Power Pro is the best


----------



## dirty (Mar 16, 2011)

Just switched all my rods from PowerPro to Sunline Super PE. Was a great decision, smoother and thinner.

I've go a Tairyo BC rod. It's a great product at a good price. Feels nice in the hand and loads up well.


----------



## munro91 (Oct 18, 2011)

Yeah going to have a feel of both the sunline and power pro braids this week.

@Dirty- so you like/rate the tairyo rods? Because they don't look to bad just havnt been able to find any reviews or anythin so yeah much appreciated.


----------



## fishcq (Oct 2, 2011)

have a tairyo rod nanospeed and used it first time this weekend.. got a little ci4 2500 stradic on it with powerpro and i love it.


----------



## dirty (Mar 16, 2011)

http://www.bassfishingaddicts.com/2012/ ... o-use.html

If it counts for anything, I wouldn't hesitate to buy another one.


----------



## robsea (Apr 7, 2010)

Hi ya.

i bought a 2 piece 7 foot Meagaspeed from a local tackle shop around the New Year. At the time i was keen on the lightness and stiffer action...but would have preferred the nanospeed. I matched an Okuma Trio 20 with 4lb Power Pro to it . From the yak i found that the handle length was a little longer than i prefer, but this is not a real issue. Simply a matter of preference and custom.
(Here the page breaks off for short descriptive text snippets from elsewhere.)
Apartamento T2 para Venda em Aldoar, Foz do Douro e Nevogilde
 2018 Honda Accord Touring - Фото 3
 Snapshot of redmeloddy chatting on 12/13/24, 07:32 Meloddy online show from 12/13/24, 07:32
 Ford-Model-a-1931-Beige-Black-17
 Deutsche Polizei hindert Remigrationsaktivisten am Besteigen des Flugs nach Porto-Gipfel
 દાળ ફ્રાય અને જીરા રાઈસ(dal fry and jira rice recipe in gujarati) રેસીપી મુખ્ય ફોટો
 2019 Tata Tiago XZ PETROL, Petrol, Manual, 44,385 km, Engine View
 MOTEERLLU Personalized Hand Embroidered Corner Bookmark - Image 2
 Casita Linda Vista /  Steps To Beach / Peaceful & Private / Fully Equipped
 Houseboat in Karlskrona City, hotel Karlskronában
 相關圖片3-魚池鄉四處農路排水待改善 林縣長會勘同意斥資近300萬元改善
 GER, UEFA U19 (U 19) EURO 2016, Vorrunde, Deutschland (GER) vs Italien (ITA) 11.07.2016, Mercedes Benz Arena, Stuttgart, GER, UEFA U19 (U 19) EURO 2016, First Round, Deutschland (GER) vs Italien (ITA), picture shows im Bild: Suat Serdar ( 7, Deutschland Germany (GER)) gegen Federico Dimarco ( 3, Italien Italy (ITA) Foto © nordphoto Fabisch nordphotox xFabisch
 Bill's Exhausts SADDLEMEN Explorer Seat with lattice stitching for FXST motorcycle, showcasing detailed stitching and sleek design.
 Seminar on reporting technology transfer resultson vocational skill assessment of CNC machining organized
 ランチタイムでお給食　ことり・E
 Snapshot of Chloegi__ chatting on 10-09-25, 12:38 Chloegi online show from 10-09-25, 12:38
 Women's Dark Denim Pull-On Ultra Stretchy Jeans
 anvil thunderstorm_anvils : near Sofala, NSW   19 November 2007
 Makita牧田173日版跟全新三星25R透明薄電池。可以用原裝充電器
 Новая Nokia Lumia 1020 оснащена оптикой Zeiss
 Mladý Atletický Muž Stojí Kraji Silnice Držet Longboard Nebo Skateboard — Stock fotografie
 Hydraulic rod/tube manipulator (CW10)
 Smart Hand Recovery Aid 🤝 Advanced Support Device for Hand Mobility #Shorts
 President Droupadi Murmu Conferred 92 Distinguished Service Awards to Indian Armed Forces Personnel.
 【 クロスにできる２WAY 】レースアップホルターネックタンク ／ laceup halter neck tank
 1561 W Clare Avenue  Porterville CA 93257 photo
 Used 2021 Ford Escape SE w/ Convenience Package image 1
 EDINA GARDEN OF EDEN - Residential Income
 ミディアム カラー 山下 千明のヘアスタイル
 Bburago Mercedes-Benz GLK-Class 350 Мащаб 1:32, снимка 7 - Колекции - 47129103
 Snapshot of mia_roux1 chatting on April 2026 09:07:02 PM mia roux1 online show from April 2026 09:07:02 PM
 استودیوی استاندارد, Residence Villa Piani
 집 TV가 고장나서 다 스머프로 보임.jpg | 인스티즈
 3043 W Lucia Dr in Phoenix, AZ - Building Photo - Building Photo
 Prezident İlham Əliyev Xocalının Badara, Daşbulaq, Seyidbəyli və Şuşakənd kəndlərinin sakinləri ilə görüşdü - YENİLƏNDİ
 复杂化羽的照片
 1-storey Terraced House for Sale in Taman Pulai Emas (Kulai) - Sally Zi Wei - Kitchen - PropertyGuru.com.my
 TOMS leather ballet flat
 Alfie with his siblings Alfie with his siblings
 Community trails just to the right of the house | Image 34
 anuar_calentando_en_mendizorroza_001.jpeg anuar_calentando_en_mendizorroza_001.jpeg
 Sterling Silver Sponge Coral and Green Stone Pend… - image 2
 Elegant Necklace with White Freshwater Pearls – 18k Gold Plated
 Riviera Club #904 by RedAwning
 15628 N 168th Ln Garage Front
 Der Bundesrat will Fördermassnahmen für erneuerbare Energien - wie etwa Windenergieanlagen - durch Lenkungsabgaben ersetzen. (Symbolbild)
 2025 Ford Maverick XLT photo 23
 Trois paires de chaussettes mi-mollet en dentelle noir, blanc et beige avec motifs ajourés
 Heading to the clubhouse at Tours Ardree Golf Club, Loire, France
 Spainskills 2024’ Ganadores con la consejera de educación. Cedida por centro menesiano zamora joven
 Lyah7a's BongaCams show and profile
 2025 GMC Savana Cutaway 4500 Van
My preferred line is probably Castaway. At 10lb rated bs and the thin diameter it is in deed a great line. i have used daiwa tournament in 8lb and very much liked it, but found that i got numerous wind knots. Now that has nothing to do with the strength of breeze! I'm speaking of my sloppy line management and Pavlovian reliance on an auto bail arm closure after a slight turn of the handle. w-i-n-d. Both Castaway and Daiwa are 8 strand braids, Very sexy! i have no doubt that there are several other brands of equal standard to which i look forward to experimenting with in the near future.

But with a 1000 Ci4 and Castaway I look forward to some fun, longevity and smooth running thru the guides!


----------